DATA IN THIS EXERCISE:
--- START ---
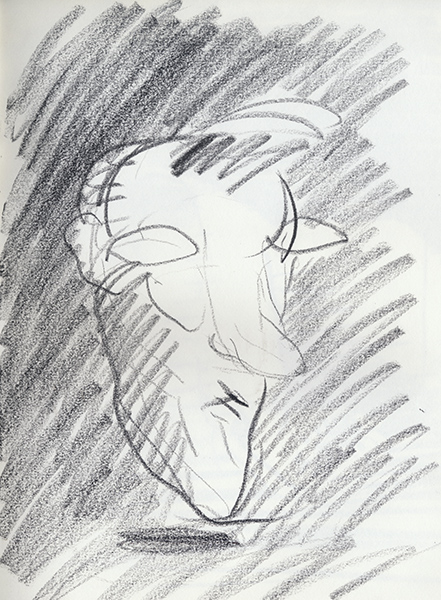 Portret z niepamięci #44&nbsp;&nbsp;&nbsp;&nbsp;1990 - 1999&nbsp;&nbsp;&nbsp;&nbsp;kredka olejowa&nbsp;&nbsp;&nbsp;&nbsp;31 x 24cm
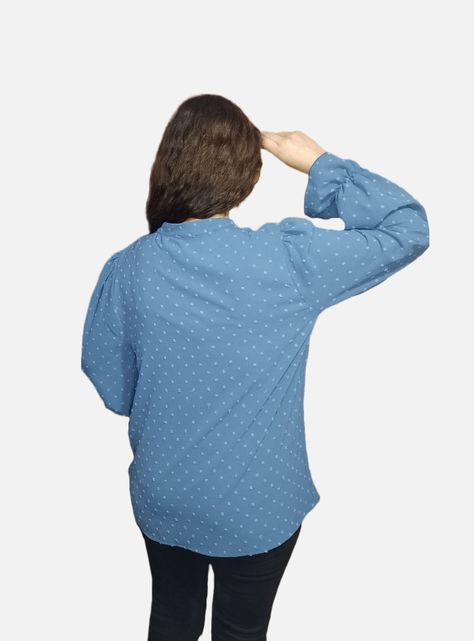 Blusa Cuello en V Mangas Largas Con Puños Fruncidos-3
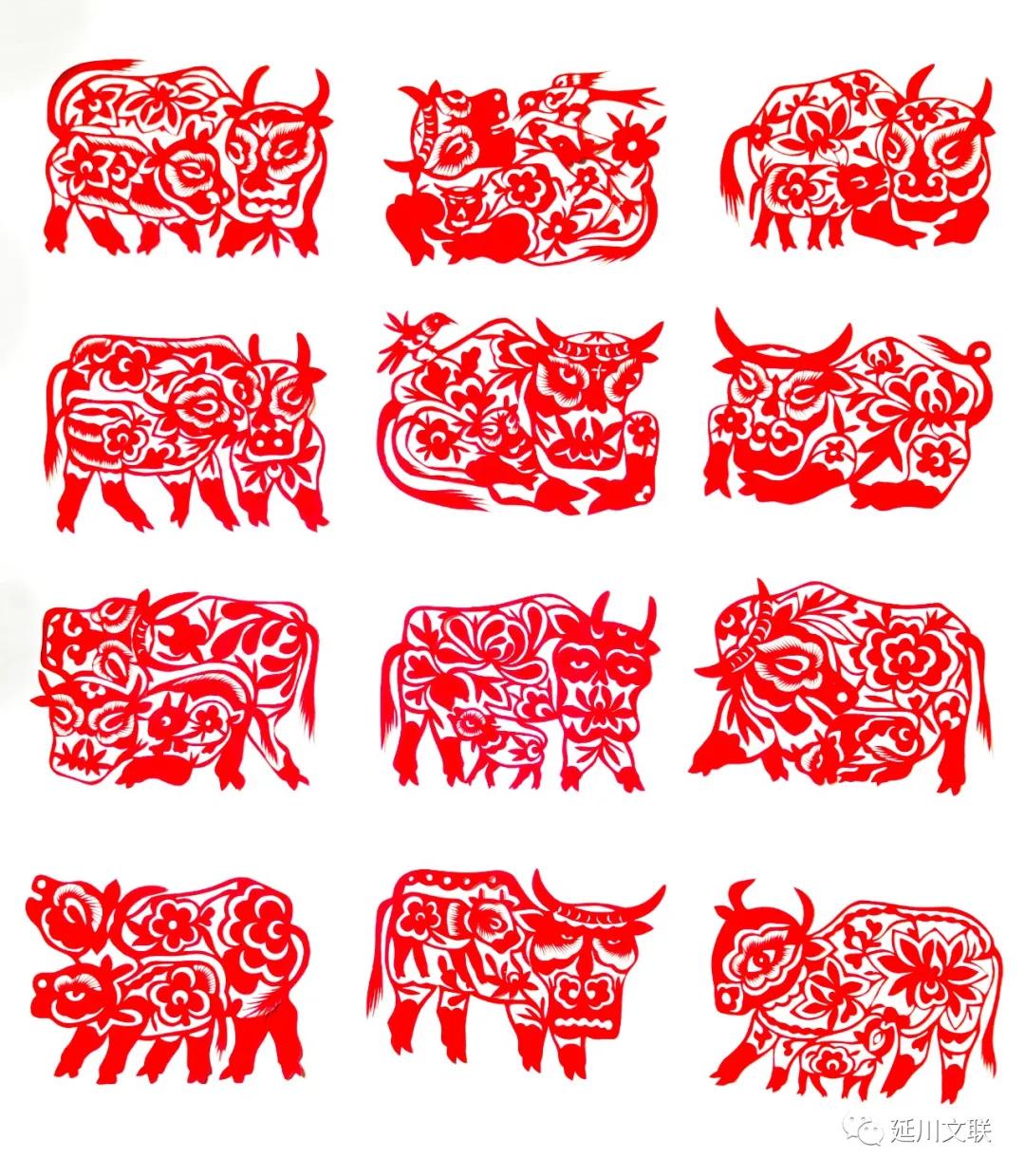 牛年送福手工作品,牛年送吉祥的手工剪纸窗花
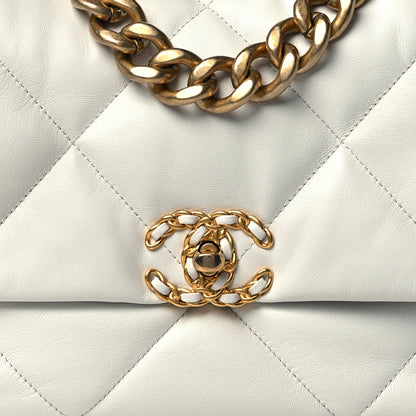 Chanel Goatskin Quilted Large Chanel 19 Flap White 9 of 10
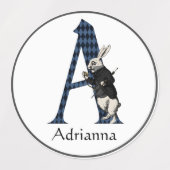 Wonderland White Rabbit Letter A Labels (Design 1)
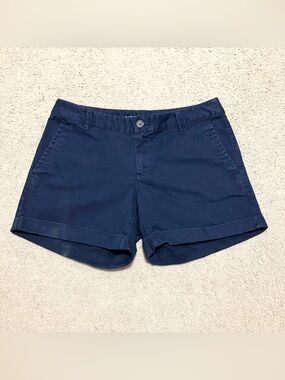 BANANA REPUBLIC CITY CHINO Navy Blue Shorts-Cuffed-Low Rise Women’s Sz 2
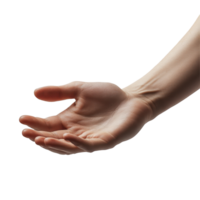 Hand reaching out against a minimalistic white background showcasing an expressive gesture of openness and invitation, hands the person, white background png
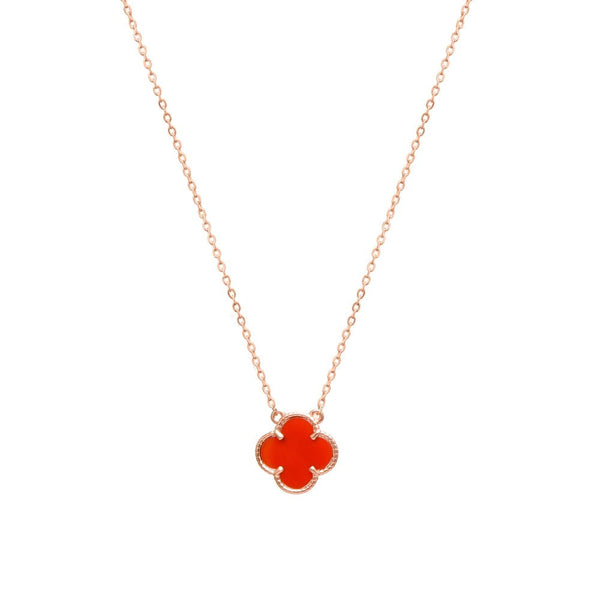 925 Silver Rosegold Crimson Clover Chain Pendant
--- END ---
GOAL OF THE EXERCISE: Your answer must be the records above, copied exactly, with no pictures.

FINISHED TASK:
 Portret z niepamięci #44&nbsp;&nbsp;&nbsp;&nbsp;1990 - 1999&nbsp;&nbsp;&nbsp;&nbsp;kredka olejowa&nbsp;&nbsp;&nbsp;&nbsp;31 x 24cm
 Blusa Cuello en V Mangas Largas Con Puños Fruncidos-3
 牛年送福手工作品,牛年送吉祥的手工剪纸窗花
 Chanel Goatskin Quilted Large Chanel 19 Flap White 9 of 10
 Wonderland White Rabbit Letter A Labels (Design 1)
 BANANA REPUBLIC CITY CHINO Navy Blue Shorts-Cuffed-Low Rise Women’s Sz 2
 Hand reaching out against a minimalistic white background showcasing an expressive gesture of openness and invitation, hands the person, white background png
 925 Silver Rosegold Crimson Clover Chain Pendant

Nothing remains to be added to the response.